**Task description:**
Restate, exactly as written, the entries below from the line that holds "Picking up well-cooked jjukkumi and minari" through the line that holds "An early Victorian". Pictures are not part of the copy.
[[ Provided material open ]]
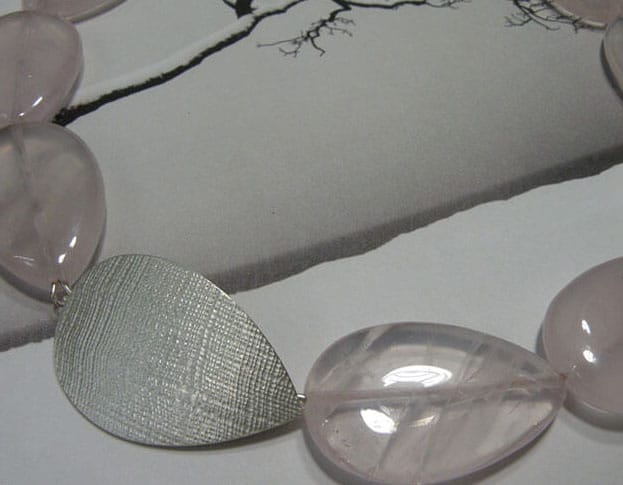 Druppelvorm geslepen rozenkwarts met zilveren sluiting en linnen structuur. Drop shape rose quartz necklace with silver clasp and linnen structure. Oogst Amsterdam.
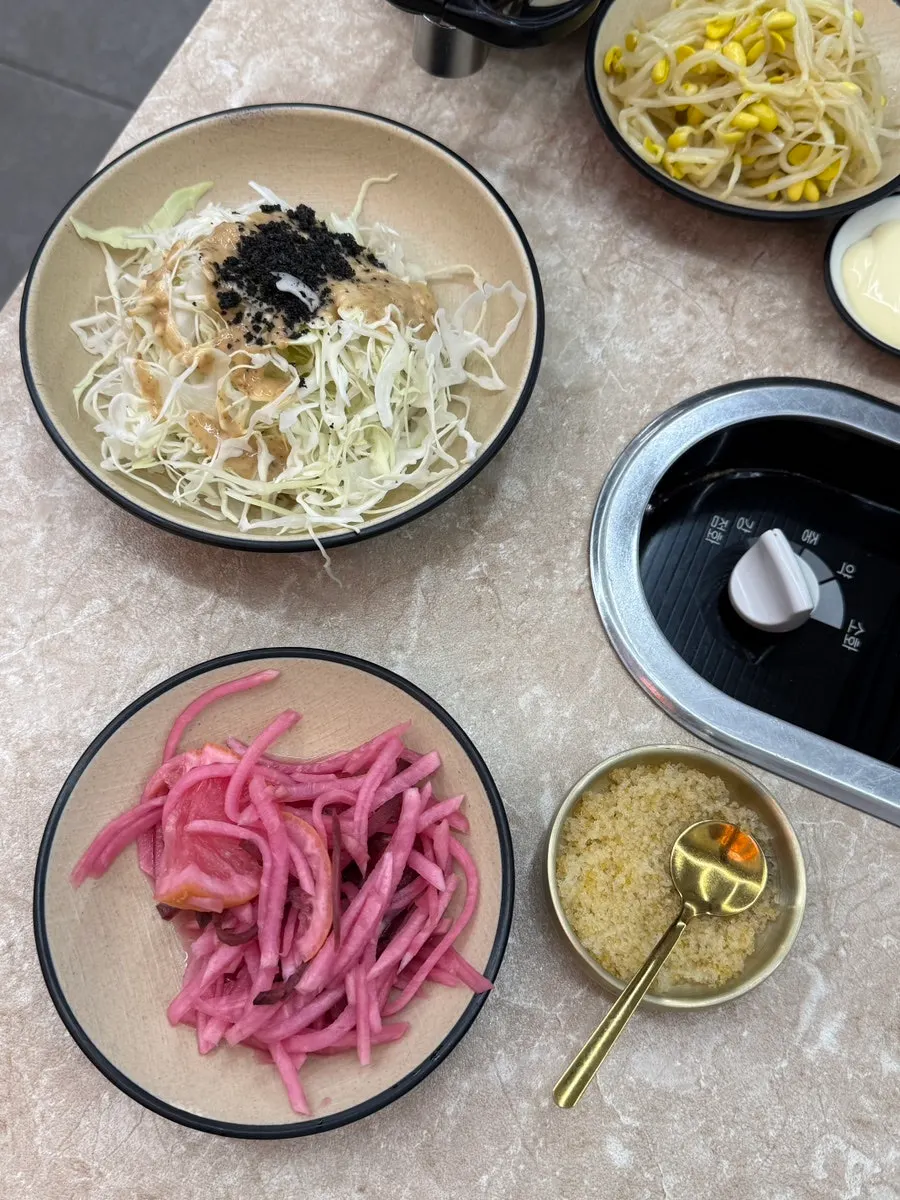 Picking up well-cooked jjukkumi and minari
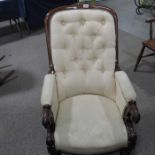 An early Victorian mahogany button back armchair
[[ Provided material closed ]]
[[ Provided material open ]]
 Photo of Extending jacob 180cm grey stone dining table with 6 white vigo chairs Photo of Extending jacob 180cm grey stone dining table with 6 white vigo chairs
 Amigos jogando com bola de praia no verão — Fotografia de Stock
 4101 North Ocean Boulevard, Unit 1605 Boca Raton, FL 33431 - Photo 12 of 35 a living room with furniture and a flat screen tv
[[ Provided material closed ]]
[[ Provided material open ]]
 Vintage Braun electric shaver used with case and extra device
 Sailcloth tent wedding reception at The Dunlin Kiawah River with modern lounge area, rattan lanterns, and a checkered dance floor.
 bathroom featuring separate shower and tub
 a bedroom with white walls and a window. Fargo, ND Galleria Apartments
[[ Provided material closed ]]
**Written answer:**
 Picking up well-cooked jjukkumi and minari
 An early Victorian mahogany button back armchair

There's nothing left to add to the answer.